_Exercise requirements:_ From the entries below, reproduce exactly the line containing "Download Girls Yellow", the line containing "LeeliPeeri Designer Embroidered", and every line in between, with nothing added.

#### Dataset entries ####

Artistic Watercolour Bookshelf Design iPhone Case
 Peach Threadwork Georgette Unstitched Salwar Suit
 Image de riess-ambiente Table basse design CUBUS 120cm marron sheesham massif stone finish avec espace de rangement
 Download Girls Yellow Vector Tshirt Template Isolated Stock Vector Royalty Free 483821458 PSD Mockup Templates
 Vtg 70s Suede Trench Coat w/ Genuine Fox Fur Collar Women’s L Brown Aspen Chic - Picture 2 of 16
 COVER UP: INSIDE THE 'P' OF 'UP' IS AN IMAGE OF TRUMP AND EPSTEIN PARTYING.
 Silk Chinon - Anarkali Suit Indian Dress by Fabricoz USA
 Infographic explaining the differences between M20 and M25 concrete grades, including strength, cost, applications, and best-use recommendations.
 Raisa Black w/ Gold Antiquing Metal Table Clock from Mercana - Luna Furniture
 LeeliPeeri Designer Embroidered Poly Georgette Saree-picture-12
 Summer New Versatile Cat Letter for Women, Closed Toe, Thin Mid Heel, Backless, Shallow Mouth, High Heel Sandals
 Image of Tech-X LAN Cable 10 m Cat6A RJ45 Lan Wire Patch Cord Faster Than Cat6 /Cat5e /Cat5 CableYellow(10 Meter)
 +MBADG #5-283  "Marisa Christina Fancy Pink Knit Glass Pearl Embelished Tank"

####

_Exercise answer:_
 Download Girls Yellow Vector Tshirt Template Isolated Stock Vector Royalty Free 483821458 PSD Mockup Templates
 Vtg 70s Suede Trench Coat w/ Genuine Fox Fur Collar Women’s L Brown Aspen Chic - Picture 2 of 16
 COVER UP: INSIDE THE 'P' OF 'UP' IS AN IMAGE OF TRUMP AND EPSTEIN PARTYING.
 Silk Chinon - Anarkali Suit Indian Dress by Fabricoz USA
 Infographic explaining the differences between M20 and M25 concrete grades, including strength, cost, applications, and best-use recommendations.
 Raisa Black w/ Gold Antiquing Metal Table Clock from Mercana - Luna Furniture
 LeeliPeeri Designer Embroidered Poly Georgette Saree-picture-12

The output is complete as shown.